Whether or not the group's decision was another baby step toward multicultural government in Los Angeles, Parra thinks a message was sent.
"Regardless of ethnicity, we are looking for the best-qualified person," he said, truncating the argument he made to his colleagues that day.
"Many years ago, Latino community representatives fought hard for Latino representation--for any Latino. Younger Latinos are really grateful for that," Parra said. "But now it's not just any representative, but what representative. We realize this is a diverse area, and we have to learn to live together."
'It's About Leadership Politics in Sacramento'
How that realization plays out is a matter of interest far beyond the boundaries of the 49th District. Fernando Guerra, director of the Center for the Study of Los Angeles at Loyola Marymount University, said this San Gabriel Valley contest is the race to watch this year.
"It's not only about ethnic politics," he said. "It's about leadership politics in Sacramento. Some of my research shows that this will be the first election in the '90s that some [safe] Latino seats in the Assembly won't be Latino anymore."

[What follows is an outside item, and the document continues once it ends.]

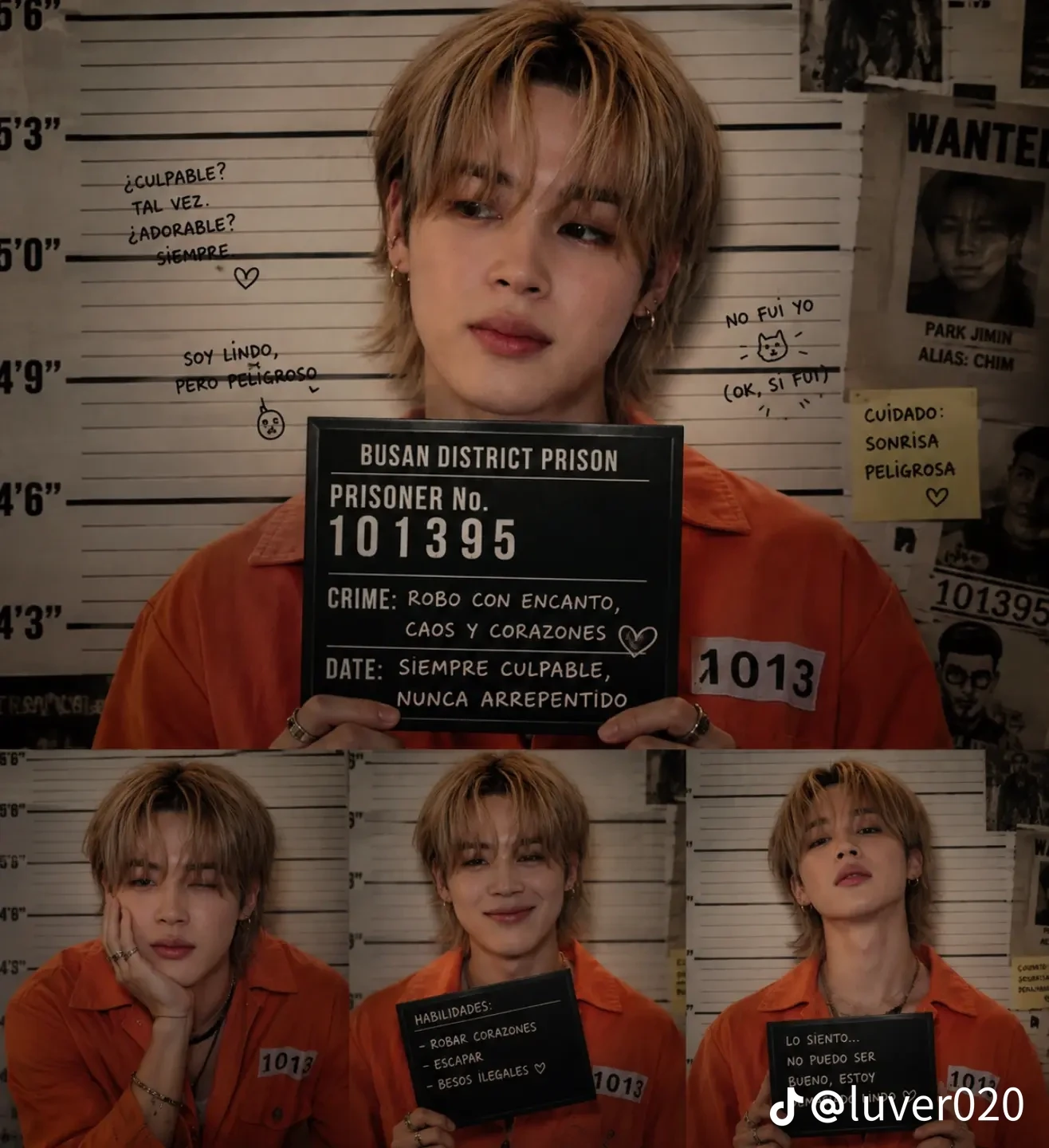 Jimin / the prisoner in love with you thumbnail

The 49th Assembly District, for example, encompasses one of the state's most diverse constituencies, stretching from Rosemead westward through Monterey Park and Alhambra to include unincorporated East Los Angeles. It also is a longtime stronghold of Latino Democrats.
At least 31,000 Latino households in the district are home to at least one registered Democrat. Comparatively, fewer than 9,000 households have at least one Asian voter who is a Democrat, according to Voter Contact Services.
Overall, 59% of the 49th District's voters are Democrats, compared to 23% Republican and 18% independent. Thus the June 2 primary is crucial because the winner is likely to glide to an easy victory in the general election.
Although the district's Asians, most of Chinese descent, are better off economically than most of the other residents, that has meant little politically up to now.
But for the first time, voters can cross party lines in the new blanket primary, allowing Asians, about 50% of whom are Republican, to vote for Chu. Moreover, she has a strong financial advantage, having raised $116,000, more than triple the amount of her closest challenger.
In 1994--when Chu was soundly defeated by Latina incumbent Diane Martinez, who cannot seek reelection this year because of term limits--crossover votes might have greatly changed the outcome.
Rudolfo de la Garza, vice president of the Tomas Rivera Institute and a professor of government at the University of Texas in Austin, said his research suggests that Chu's prospects among Latino voters are mixed, the Eastside Democratic Club's endorsement notwithstanding.
"There are not many Latino organizations that can deliver a consensus," he said. "This view might affect the elite but cannot deliver the electorate. The linkages aren't as good as they should be."
Still, studies by the institute have shown that Latinos are more willing to cast ballots for candidates outside their ethnic group than any other part of the electorate, De la Garza said.
"They say they look for the quality candidate," he said. But for people like Chu, there's a major drawback. "Given a choice, they usually vote for Latinos."
The 49th District seat has long been one Latinos could count on, and Guerra believes that it is in the best interest of Assembly Speaker Antonio Villaraigosa (D-Los Angeles) to "control the safe district."
That helps to explain speculation that Villaraigosa endorsed Romero because of her ethnicity--something the speaker strongly denies.
"Gloria Romero and I are good friends," he said. "I've known Gloria a long time."
If Chu is to become the first Asian American to represent Southern California in Sacramento since state Sen. Al Song decades ago, she must reach beyond her own ethnic community--and deeply into the Latino electorate.